Changes like these will include not only dancers who have requested accommodations but also those who may not know their disabilities or have the language to ask for what they need. Autistic women and people of color are much less likely to be formally diagnosed with autism as children, or ever, because of gender and racial disparities in research and bias in the diagnostic process. Each individual’s needs are unique, and there will never be a one-size-fits-all accommodation. But the first step to making sure everybody feels safe and included in a classroom is to value dancers’ autonomy. Allow input from students when solving problems; ask before touching a student and respect their answer; when a dancer expresses a need, consider creative solutions to meet it.

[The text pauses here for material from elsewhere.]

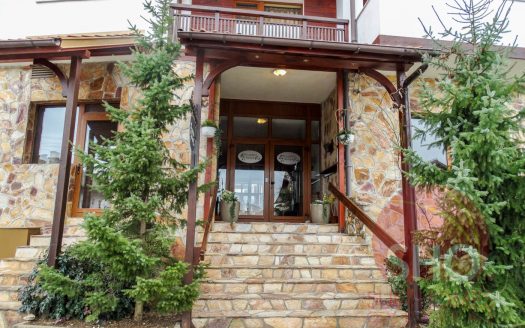 Furnished 2 bed on Mountain Suites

It would have helped me to have conversations about why certain rules existed. Discussing the reasoning for uniforms might have given me permission to approach a teacher and explain why it was difficult for me to wear the class leotard. But in my experience, the only talk of uniforms was dancers being reprimanded for not wearing them, which made me afraid to ever mention my discomfort. As Keith Lee, director of diversity and inclusion at Charlottesville Ballet, put it in a conversation with me: “Don’t discourage the artist. Take notice and act on their discovery. Their honesty, approach and involvement is their contribution to the art.”
After seriously considering a career in dance as a senior in high school, I decided not to pursue one because of the parts of dance institutions that ostracized me. I feel unwelcome in the art form when I see companies and studios perform for autistic audiences while failing to accommodate autistic dancers in their classrooms. Still, I continue to love ballet, and I regularly take classes from teachers who are patient, respectful of my needs and nonjudgmental of my differences. I hope that all autistic dancers can find teachers who celebrate them and that, as time goes on, more of us find safe and welcoming places in the field.